Let's admit right up front: The 6502 is poorly suited for relocatable code. It's not totally incapable of it though, nor does every application need to wring maximum performance out of the processor. We sometimes accept compromises in performance to get another desired benefit. (I will also admit that this particular section is only musings on my part which hopefully will give you ideas, as I don't have practical experience in this area. Email me with ideas to improve this section, or discuss it on the 6502.org forum. I'll put the direct link here if a discussion gets started.)
6502 programs usually have the luxury of knowing ahead of time the address of every jump destination, variable, etc.. It's a simple system and usually has no memory management unit (MMU); so if you want multiple pre-assembled programs loaded in RAM at once, in unforeseen order, the code must be relocatable, and references to addresses in the same program (not the kernel's fixed addresses) must be relative, not absolute. This is especially true if you want to be able to move the program even after it is loaded, like to delete a program and move others so the free memory space is all at one end, available to load a bigger program. (If a program is already active, you probably would only move it when it's at a good pausing point so it doesn't have actual addresses on the stack that would suddenly become invalid as a result of the move.)
Side note: For an impressive 6502 OS that allows program relocation at the time of loading (but not after), see André Fachat's GeckOS scalable preëmptive multitasking/multithreading OS which has Unix-like features, dynamic memory management, relocatable file format, a standard library, internet support, virtual consoles, and remote login, and runs on a Commodore 64 and other 6502 platforms! Undefined address references are solved at load time.
Code that is completely relocatable must refer to routines and data by addresses that are relative to the current program counter, rather than absolute. Outside of the relative-branch instructions, the 6502 is inefficient at this. The 65816 has instructions specifically designed for the job, and if there's an instruction lacking, it's easier to synthesize it on the '816. The native 65816 instructions can be synthesized on the '02 (although inefficiently), and we will look at that in the next section, section 13.
Making the code relocatable on the 6502 may be realistic for some applications, due to relative subroutine calls and long jumps being only occasional. However, I have found that making most of the data relocatable as well is harder, due to the constant references.
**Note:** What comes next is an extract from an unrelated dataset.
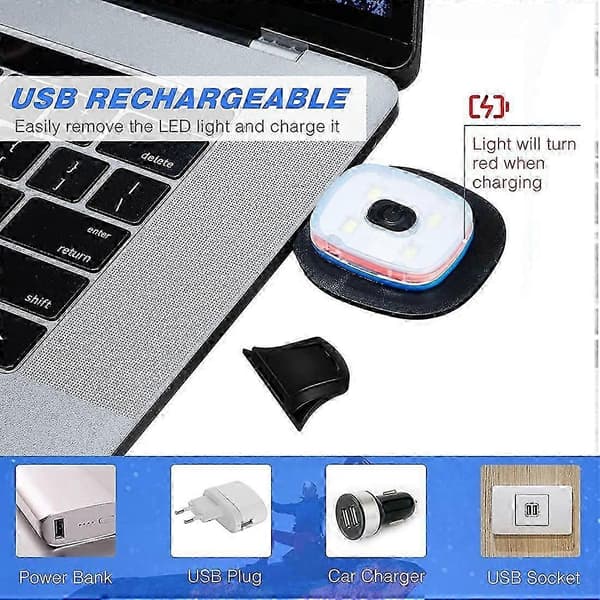 USB Genopladelig Lampe til LED Strikket Hue, 4 Stykker, Stærk, Medium og Svag Lysfunktion LED Hue Lampe USB LED Lys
So whadya do?
One possibility that might work if there's little enough data is to "glue" it to a particular address range and coordinate that across combinations of programs that may be active simultaneously so they don't interfere with each other's data. Each program will probably need a little ZP space in addition to more non-ZP space. This method would yield the best performance, because references to data addresses are not relative; for example, CPY FOOBAR can still be something like CC 3E 17, using CPY abs.
Another possibility is to have one or more arrays of variables, and store the array address(es) in the two-byte ZP slot(s) assigned to that program, for the program to use with (ZP),Y addressing. The address of these pointers in ZP would have to be coordinated with other programs that might be active at the same time, similar to the agreed-upon variable space in the paragraph above (but only for the pointers, not all the variable space). You'll have to use double indexing sometimes, and you might wish for an extra index register available, or be able to add directly to index registers. (Self-modifying code may be helpful.) If the variable space is lumped with the program's space such that they get moved together as a unit, then the array address will have to be re-calculated after loading and after every program move. If the OS assigns the array space and keeps it separate from the program space, it may not need to get moved every time the program does.
Do you know of better possibilities? Email me and let me know, at wilsonminesBdslextremeBcom (replacing the B's with @ and .).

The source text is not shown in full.